More from Sportico.com

The 15% hike is particularly noteworthy in light of the fact that overall U.S. TV usage is down 11% compared to the year-ago period. Bear in mind that Sunday’s average encompasses NBC’s full nine-hour broadcast window. When pared back to the two hours of East Coast primetime coverage, Clark’s victory averaged 8.8 million viewers, peaking with 10.2 million in the deciding 9:30-9:45 p.m. EDT quarter-hour.

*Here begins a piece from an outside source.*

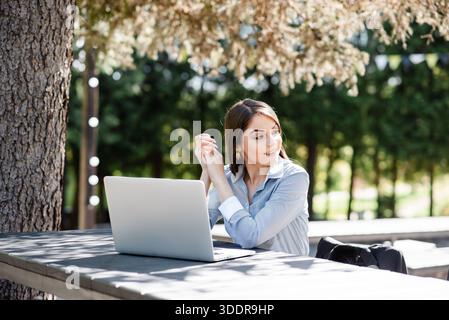 Eine konzentrierte junge Frau in einem blau gestreiften Hemd sitzt mit einem Laptop an einem Holztisch und genießt das natürliche Licht und die Außenatmosphäre eines Cafés Stockfoto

Clark, who arrived at the Los Angeles Country Club last week with a single PGA Tour victory under his belt, managed to stay one step ahead of McIlroy, who but for a bogey on 14 played flawless golf. After bogeying 15 and 16, Clark pulled himself together for the final two holes, parring out with a 70 that edged McIlroy by a single stroke.

When Clark sank the final one-footer to close out his big day, a surge of fans that had been poised at the edges of the fairway began pouring in from under the ropes, forming a wall of pastel polo shirts and lanyards. While many of these interlopers undoubtedly had been cheering for the wildly popular McIlroy to claim his fifth major—the last having arrived nine years ago at the PGA Championship—they celebrated Clark’s win as if recognizing that a new hero had emerged in their midst.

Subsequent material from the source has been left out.